▶ Raw data
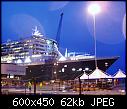 Loadsa ships etc. Lots from here. - &quot;06jan2004_bow.jpg&quot; 63.8 KBytes yEnc-06jan2004_bow.jpg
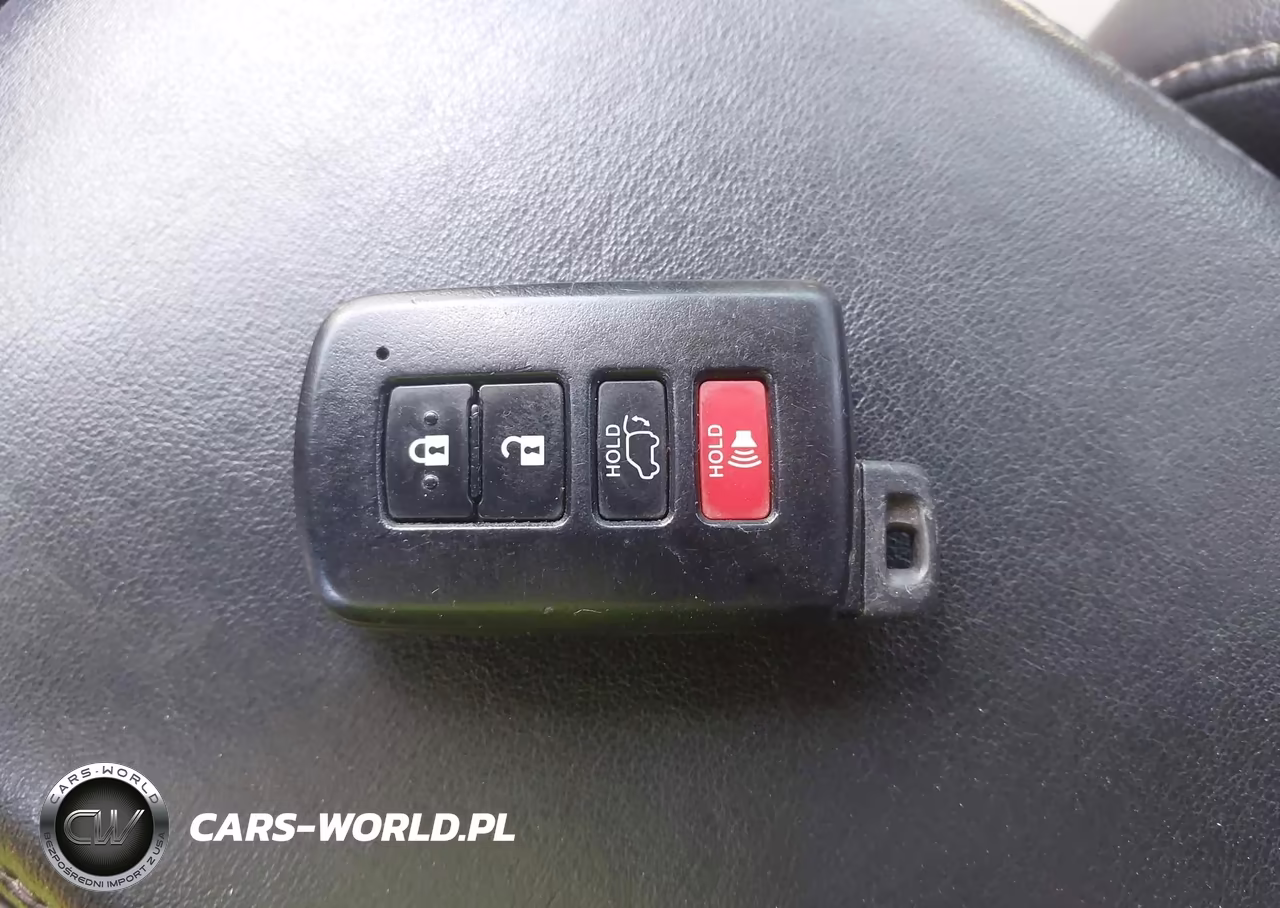 2018 Toyota Rav4 Limited VIN:JTMYFREV1JJ205428 - 11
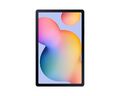 Samsung Galaxy Tab S6 SM-P619 SM-P619NZAEDBT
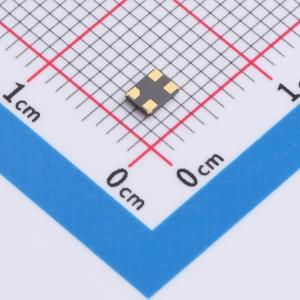 SWXC4ABVE0-48.000000商品缩略图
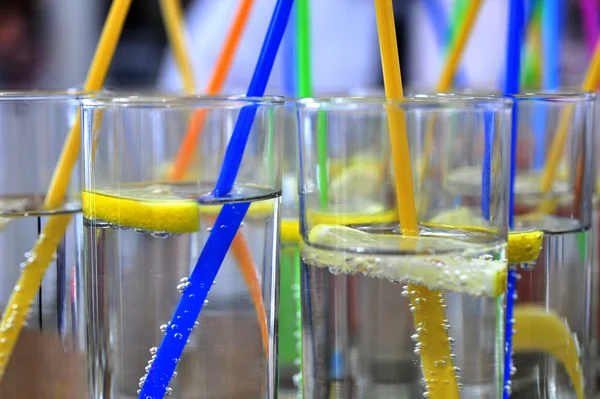 canlandırıcı yaz içeceği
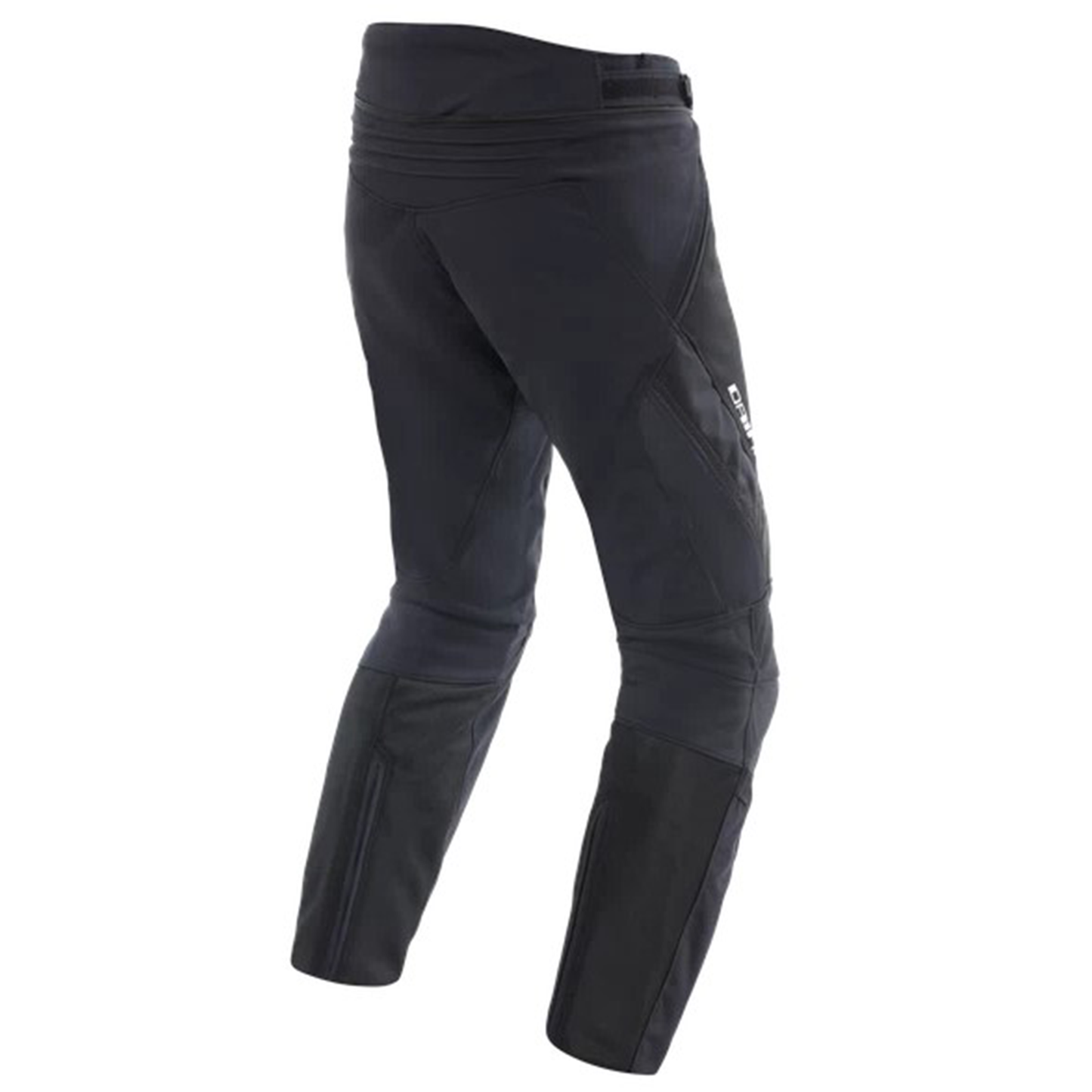 Dainese Drake 2 Air Abshell Regular Pants - Black (631)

▶ Instructions for the task
The answer must be an exact restatement of all the records, with no pictures included.

▶ Completed task
 Loadsa ships etc. Lots from here. - &quot;06jan2004_bow.jpg&quot; 63.8 KBytes yEnc-06jan2004_bow.jpg
 2018 Toyota Rav4 Limited VIN:JTMYFREV1JJ205428 - 11
 Samsung Galaxy Tab S6 SM-P619 SM-P619NZAEDBT
 SWXC4ABVE0-48.000000商品缩略图
 canlandırıcı yaz içeceği
 Dainese Drake 2 Air Abshell Regular Pants - Black (631)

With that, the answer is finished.